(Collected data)
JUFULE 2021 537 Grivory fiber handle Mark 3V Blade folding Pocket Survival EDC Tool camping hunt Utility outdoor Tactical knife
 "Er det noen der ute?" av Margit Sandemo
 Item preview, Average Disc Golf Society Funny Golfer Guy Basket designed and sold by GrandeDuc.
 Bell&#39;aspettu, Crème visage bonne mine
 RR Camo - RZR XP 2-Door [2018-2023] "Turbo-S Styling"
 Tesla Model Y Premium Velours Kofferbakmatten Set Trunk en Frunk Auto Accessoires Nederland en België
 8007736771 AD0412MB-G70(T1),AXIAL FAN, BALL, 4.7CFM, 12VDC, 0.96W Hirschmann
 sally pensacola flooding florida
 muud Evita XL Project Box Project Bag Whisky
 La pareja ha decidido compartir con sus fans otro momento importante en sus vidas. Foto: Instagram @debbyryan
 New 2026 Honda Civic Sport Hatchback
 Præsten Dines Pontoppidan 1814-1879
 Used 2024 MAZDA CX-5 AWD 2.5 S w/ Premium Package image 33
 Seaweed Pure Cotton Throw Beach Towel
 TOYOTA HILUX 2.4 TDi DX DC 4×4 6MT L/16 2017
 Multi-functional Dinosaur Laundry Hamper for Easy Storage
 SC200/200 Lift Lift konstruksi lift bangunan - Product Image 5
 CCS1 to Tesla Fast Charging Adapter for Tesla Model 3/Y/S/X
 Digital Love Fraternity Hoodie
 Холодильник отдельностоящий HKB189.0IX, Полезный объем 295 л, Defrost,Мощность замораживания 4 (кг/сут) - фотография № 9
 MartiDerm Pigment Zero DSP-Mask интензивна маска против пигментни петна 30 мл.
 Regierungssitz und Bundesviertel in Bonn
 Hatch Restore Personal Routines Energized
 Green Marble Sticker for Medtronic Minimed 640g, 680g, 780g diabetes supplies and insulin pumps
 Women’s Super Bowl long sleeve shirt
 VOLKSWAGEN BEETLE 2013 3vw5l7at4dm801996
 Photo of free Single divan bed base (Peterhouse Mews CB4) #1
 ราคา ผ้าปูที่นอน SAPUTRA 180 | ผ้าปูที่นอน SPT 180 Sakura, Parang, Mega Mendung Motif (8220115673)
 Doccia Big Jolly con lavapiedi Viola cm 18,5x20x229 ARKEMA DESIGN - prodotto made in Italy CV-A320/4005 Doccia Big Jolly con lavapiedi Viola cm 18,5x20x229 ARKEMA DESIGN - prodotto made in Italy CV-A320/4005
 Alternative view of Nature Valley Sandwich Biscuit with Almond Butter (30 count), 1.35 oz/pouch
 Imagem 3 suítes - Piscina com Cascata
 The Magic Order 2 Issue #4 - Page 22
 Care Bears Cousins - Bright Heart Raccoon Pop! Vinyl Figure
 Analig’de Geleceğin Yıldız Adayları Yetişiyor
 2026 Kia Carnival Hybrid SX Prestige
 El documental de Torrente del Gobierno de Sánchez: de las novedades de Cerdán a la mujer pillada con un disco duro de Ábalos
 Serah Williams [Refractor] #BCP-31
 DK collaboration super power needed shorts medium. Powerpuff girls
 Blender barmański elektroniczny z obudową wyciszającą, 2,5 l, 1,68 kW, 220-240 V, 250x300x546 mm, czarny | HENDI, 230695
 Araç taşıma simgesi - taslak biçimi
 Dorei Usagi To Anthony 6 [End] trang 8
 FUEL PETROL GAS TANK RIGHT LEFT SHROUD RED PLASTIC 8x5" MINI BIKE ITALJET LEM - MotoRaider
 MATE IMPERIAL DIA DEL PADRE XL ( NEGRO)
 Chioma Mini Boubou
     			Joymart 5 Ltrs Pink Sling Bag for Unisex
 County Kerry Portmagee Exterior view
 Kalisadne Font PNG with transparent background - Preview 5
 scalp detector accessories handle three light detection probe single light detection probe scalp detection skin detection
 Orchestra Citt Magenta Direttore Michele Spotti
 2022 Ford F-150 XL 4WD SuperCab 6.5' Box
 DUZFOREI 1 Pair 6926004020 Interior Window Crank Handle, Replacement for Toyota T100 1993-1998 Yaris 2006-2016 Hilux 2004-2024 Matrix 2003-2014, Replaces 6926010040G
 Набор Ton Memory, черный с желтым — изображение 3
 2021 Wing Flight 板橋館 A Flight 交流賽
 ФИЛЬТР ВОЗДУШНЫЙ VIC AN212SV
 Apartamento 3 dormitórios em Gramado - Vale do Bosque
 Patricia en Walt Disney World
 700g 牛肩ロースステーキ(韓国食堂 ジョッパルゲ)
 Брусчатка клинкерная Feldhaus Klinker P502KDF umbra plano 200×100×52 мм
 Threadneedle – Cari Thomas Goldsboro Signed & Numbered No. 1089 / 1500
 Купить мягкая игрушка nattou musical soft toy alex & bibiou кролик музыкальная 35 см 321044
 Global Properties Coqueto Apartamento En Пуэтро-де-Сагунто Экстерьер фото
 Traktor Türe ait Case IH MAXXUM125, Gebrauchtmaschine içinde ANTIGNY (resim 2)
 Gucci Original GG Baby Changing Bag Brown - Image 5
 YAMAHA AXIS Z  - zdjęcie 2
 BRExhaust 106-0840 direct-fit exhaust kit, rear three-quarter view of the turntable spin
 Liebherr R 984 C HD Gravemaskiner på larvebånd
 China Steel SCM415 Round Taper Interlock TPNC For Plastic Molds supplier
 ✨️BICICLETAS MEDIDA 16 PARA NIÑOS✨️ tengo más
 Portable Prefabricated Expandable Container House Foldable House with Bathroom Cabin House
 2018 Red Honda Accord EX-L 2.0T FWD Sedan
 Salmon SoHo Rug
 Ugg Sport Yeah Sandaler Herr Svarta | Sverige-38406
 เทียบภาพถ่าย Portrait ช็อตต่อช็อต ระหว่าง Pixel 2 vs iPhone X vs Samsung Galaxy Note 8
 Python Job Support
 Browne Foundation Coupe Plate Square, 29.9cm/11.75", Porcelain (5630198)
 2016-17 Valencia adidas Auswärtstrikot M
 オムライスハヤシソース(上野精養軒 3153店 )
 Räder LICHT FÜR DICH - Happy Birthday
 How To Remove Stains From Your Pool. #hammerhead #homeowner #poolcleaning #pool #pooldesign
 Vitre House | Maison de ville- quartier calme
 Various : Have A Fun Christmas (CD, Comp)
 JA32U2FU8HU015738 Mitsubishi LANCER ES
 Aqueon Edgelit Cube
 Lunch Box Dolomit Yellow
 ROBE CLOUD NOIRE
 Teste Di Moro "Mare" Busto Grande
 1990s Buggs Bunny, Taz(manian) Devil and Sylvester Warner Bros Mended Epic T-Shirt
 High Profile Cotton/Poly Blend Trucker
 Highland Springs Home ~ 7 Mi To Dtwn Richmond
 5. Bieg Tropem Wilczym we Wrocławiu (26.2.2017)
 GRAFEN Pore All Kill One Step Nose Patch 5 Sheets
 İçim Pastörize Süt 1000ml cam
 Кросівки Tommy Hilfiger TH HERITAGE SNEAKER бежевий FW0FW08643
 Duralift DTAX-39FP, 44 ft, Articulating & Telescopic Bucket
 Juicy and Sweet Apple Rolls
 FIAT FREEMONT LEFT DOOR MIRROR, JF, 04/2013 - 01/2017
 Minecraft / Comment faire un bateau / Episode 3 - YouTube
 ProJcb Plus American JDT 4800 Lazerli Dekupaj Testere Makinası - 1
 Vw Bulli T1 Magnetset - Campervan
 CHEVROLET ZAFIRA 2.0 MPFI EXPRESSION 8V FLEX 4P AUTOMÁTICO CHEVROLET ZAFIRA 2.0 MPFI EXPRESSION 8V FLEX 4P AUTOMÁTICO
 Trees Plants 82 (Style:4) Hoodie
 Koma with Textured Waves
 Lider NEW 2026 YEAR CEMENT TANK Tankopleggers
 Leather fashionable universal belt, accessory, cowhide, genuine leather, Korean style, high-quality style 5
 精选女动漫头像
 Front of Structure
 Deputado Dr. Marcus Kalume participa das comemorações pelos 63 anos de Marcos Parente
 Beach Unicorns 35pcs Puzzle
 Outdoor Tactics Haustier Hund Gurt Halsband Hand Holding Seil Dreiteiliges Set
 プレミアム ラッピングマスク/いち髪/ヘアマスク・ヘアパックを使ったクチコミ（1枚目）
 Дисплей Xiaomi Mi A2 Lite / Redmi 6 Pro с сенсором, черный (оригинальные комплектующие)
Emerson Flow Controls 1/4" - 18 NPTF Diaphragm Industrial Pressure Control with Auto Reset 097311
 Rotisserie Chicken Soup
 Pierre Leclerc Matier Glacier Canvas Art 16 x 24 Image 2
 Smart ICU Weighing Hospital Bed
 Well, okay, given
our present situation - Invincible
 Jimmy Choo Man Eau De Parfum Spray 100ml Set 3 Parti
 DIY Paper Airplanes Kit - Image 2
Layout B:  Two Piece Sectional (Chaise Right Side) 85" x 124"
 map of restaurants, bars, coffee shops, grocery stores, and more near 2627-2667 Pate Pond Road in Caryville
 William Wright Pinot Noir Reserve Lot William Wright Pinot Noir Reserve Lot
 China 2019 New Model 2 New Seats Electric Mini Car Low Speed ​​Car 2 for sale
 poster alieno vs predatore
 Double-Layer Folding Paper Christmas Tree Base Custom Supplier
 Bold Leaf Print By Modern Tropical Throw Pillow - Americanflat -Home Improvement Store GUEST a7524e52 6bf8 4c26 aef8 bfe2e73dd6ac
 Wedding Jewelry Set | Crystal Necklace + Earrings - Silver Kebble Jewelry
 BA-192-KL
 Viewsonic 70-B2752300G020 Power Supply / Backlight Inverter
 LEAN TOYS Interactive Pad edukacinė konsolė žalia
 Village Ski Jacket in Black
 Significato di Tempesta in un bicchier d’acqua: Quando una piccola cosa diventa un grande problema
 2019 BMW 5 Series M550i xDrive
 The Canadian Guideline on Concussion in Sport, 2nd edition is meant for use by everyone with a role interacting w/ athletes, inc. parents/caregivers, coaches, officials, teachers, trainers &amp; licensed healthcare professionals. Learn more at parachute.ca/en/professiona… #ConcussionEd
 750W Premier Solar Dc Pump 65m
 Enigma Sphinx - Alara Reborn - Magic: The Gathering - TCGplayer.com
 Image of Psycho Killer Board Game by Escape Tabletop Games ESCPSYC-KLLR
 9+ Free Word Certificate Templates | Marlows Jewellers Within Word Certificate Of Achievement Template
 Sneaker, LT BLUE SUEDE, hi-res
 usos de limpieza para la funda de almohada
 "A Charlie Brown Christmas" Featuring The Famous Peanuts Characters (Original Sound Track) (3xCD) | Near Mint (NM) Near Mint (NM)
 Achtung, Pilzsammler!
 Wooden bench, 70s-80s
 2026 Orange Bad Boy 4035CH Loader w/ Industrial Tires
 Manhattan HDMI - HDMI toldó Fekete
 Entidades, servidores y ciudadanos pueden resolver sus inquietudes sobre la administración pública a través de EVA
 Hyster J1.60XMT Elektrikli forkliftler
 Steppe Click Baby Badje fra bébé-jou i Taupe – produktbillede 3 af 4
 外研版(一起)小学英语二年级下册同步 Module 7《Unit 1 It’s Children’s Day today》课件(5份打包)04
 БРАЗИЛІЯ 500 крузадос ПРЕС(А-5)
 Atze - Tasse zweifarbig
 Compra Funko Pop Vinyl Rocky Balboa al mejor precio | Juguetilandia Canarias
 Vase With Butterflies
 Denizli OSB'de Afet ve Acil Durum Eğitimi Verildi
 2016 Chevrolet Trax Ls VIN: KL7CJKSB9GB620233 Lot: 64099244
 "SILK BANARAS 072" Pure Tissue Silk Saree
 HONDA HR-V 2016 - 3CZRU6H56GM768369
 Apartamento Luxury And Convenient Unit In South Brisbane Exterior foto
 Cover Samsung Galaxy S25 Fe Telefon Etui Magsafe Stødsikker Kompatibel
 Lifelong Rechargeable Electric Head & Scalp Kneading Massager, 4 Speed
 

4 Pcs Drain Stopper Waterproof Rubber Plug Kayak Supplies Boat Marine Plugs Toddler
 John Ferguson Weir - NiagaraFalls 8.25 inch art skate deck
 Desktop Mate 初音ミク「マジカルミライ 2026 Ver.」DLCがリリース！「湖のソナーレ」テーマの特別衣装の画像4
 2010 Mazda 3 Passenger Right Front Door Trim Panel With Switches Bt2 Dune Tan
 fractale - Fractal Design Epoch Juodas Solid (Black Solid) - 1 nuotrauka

◆ EXERCISE AIM ◆
From the entries above, restate word for word the lines from the line containing "ROBE CLOUD NOIRE" to the line containing "Lider NEW 2026", both ends included, and nothing more.

◆ FINISHED TASK ◆
 ROBE CLOUD NOIRE
 Teste Di Moro "Mare" Busto Grande
 1990s Buggs Bunny, Taz(manian) Devil and Sylvester Warner Bros Mended Epic T-Shirt
 High Profile Cotton/Poly Blend Trucker
 Highland Springs Home ~ 7 Mi To Dtwn Richmond
 5. Bieg Tropem Wilczym we Wrocławiu (26.2.2017)
 GRAFEN Pore All Kill One Step Nose Patch 5 Sheets
 İçim Pastörize Süt 1000ml cam
 Кросівки Tommy Hilfiger TH HERITAGE SNEAKER бежевий FW0FW08643
 Duralift DTAX-39FP, 44 ft, Articulating & Telescopic Bucket
 Juicy and Sweet Apple Rolls
 FIAT FREEMONT LEFT DOOR MIRROR, JF, 04/2013 - 01/2017
 Minecraft / Comment faire un bateau / Episode 3 - YouTube
 ProJcb Plus American JDT 4800 Lazerli Dekupaj Testere Makinası - 1
 Vw Bulli T1 Magnetset - Campervan
 CHEVROLET ZAFIRA 2.0 MPFI EXPRESSION 8V FLEX 4P AUTOMÁTICO CHEVROLET ZAFIRA 2.0 MPFI EXPRESSION 8V FLEX 4P AUTOMÁTICO
 Trees Plants 82 (Style:4) Hoodie
 Koma with Textured Waves
 Lider NEW 2026 YEAR CEMENT TANK Tankopleggers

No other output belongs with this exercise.